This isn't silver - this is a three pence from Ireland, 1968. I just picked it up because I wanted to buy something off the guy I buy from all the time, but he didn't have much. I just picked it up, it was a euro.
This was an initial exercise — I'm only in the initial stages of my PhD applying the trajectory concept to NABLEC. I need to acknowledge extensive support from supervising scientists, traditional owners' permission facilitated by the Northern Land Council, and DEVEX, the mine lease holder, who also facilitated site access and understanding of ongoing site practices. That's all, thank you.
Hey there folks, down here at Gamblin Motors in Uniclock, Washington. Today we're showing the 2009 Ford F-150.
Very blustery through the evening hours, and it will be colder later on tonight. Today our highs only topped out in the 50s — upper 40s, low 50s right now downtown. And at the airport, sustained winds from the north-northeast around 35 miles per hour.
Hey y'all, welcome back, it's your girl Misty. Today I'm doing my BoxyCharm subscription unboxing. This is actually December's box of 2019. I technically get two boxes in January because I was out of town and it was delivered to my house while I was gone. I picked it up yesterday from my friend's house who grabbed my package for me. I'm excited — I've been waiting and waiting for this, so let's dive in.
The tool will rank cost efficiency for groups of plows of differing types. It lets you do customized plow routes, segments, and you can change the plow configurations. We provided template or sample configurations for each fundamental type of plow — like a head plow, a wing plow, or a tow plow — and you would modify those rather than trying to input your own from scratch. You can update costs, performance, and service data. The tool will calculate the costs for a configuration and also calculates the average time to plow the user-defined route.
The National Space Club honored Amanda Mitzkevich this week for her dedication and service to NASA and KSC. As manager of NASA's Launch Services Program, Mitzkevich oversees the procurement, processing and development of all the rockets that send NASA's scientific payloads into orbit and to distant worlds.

==

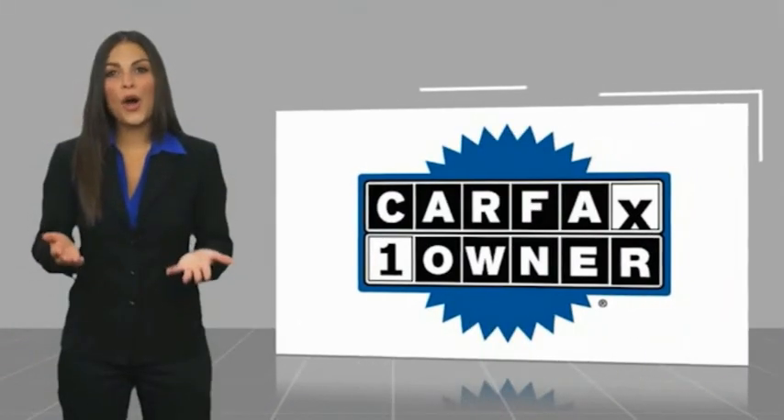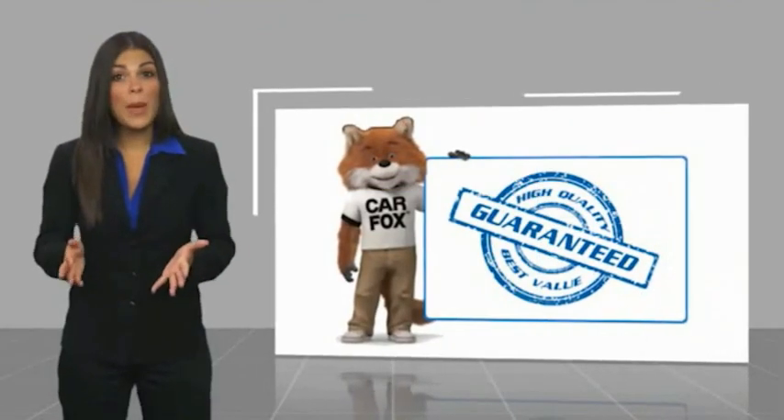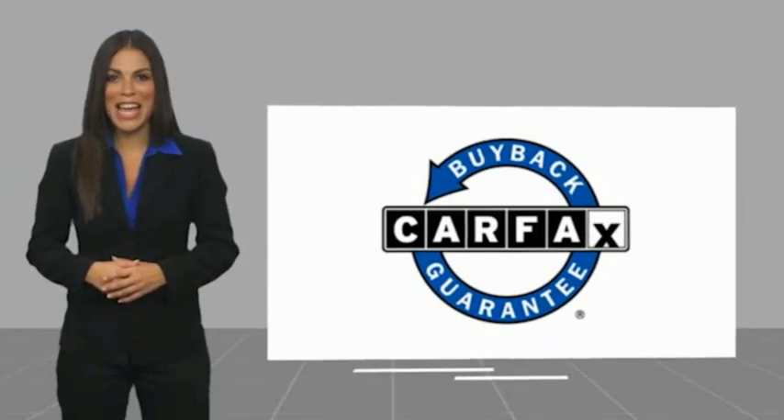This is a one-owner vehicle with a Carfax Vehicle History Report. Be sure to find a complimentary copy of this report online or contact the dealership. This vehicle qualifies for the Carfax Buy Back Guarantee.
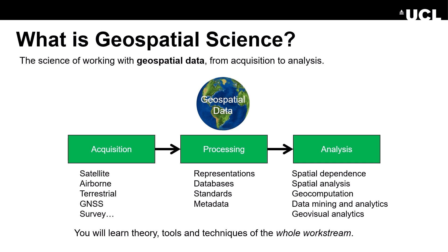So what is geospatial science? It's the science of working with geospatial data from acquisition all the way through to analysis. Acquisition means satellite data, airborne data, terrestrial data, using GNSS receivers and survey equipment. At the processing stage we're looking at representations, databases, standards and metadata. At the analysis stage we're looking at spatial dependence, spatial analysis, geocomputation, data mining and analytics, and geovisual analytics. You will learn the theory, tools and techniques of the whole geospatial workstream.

---

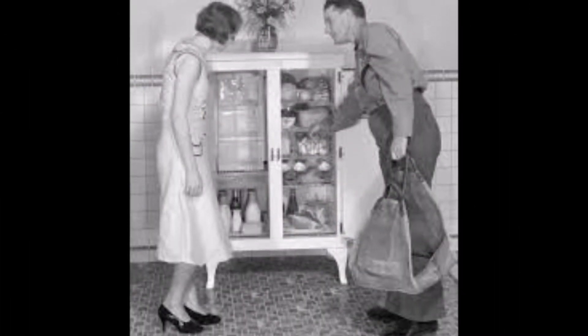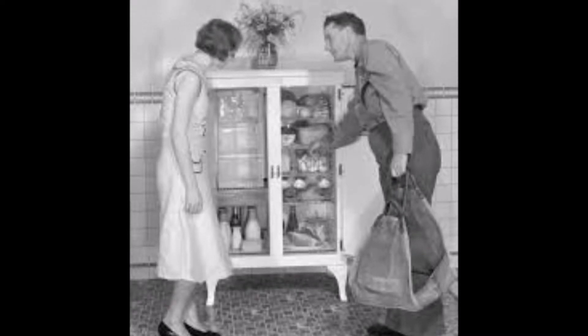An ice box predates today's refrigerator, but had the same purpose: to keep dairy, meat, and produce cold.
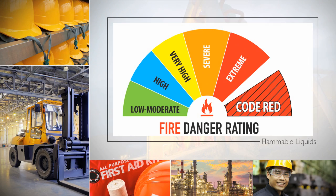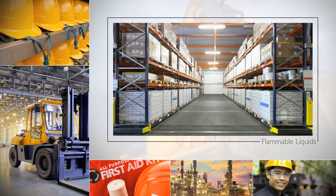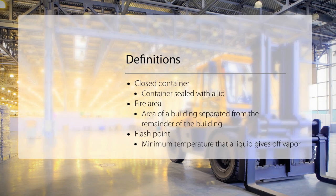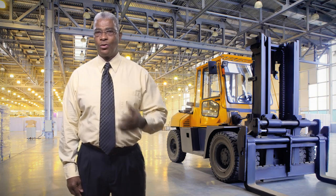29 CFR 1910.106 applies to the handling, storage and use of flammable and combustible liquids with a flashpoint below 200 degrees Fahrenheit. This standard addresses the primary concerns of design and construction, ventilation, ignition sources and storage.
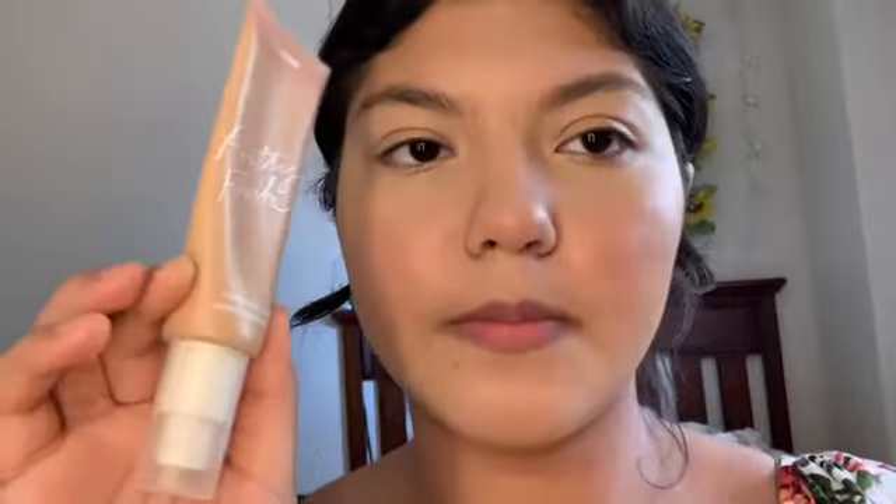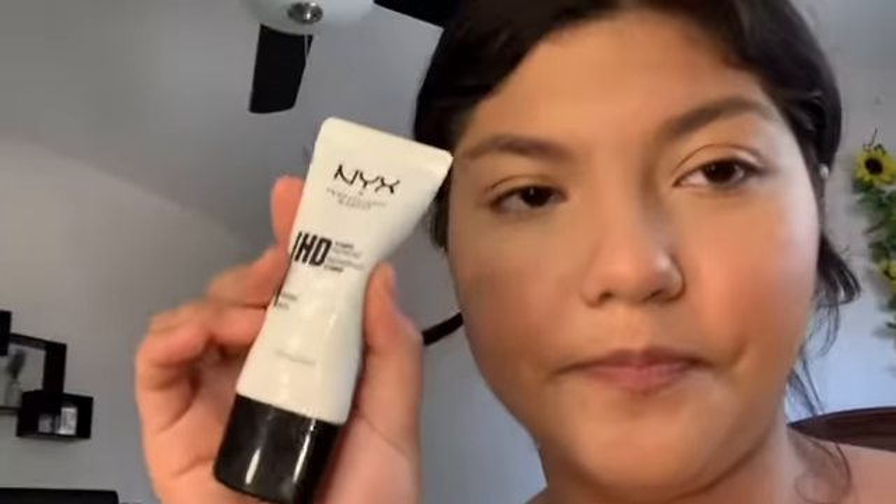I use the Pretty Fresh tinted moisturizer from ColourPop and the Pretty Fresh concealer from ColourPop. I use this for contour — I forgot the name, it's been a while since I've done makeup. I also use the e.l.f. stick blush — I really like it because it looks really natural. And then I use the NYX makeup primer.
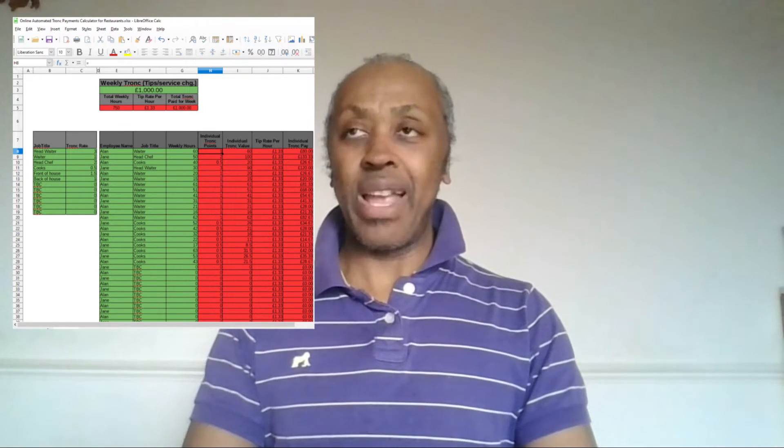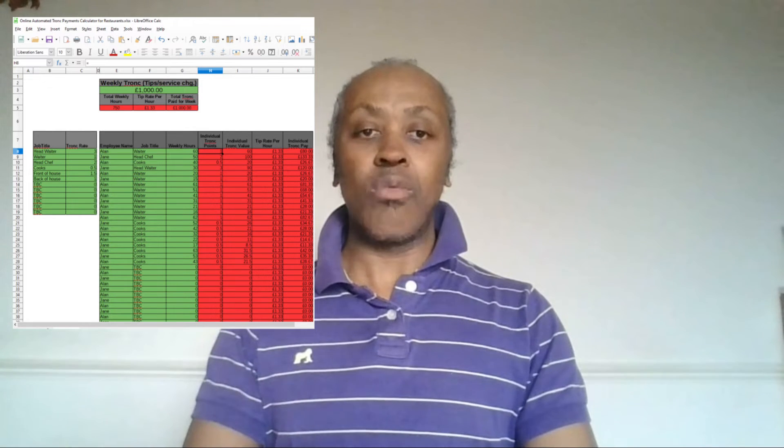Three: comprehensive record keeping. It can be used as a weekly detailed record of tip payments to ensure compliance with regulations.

* _TRY IT_: Range to print from the listing above: from the line with "This is a one-owner" up to and including the line with "So what is geospatial". Please print those lines exactly, with no pictures and nothing more.

* _ANSWER BOX_:
This is a one-owner vehicle with a Carfax Vehicle History Report. Be sure to find a complimentary copy of this report online or contact the dealership. This vehicle qualifies for the Carfax Buy Back Guarantee.
So what is geospatial science? It's the science of working with geospatial data from acquisition all the way through to analysis. Acquisition means satellite data, airborne data, terrestrial data, using GNSS receivers and survey equipment. At the processing stage we're looking at representations, databases, standards and metadata. At the analysis stage we're looking at spatial dependence, spatial analysis, geocomputation, data mining and analytics, and geovisual analytics. You will learn the theory, tools and techniques of the whole geospatial workstream.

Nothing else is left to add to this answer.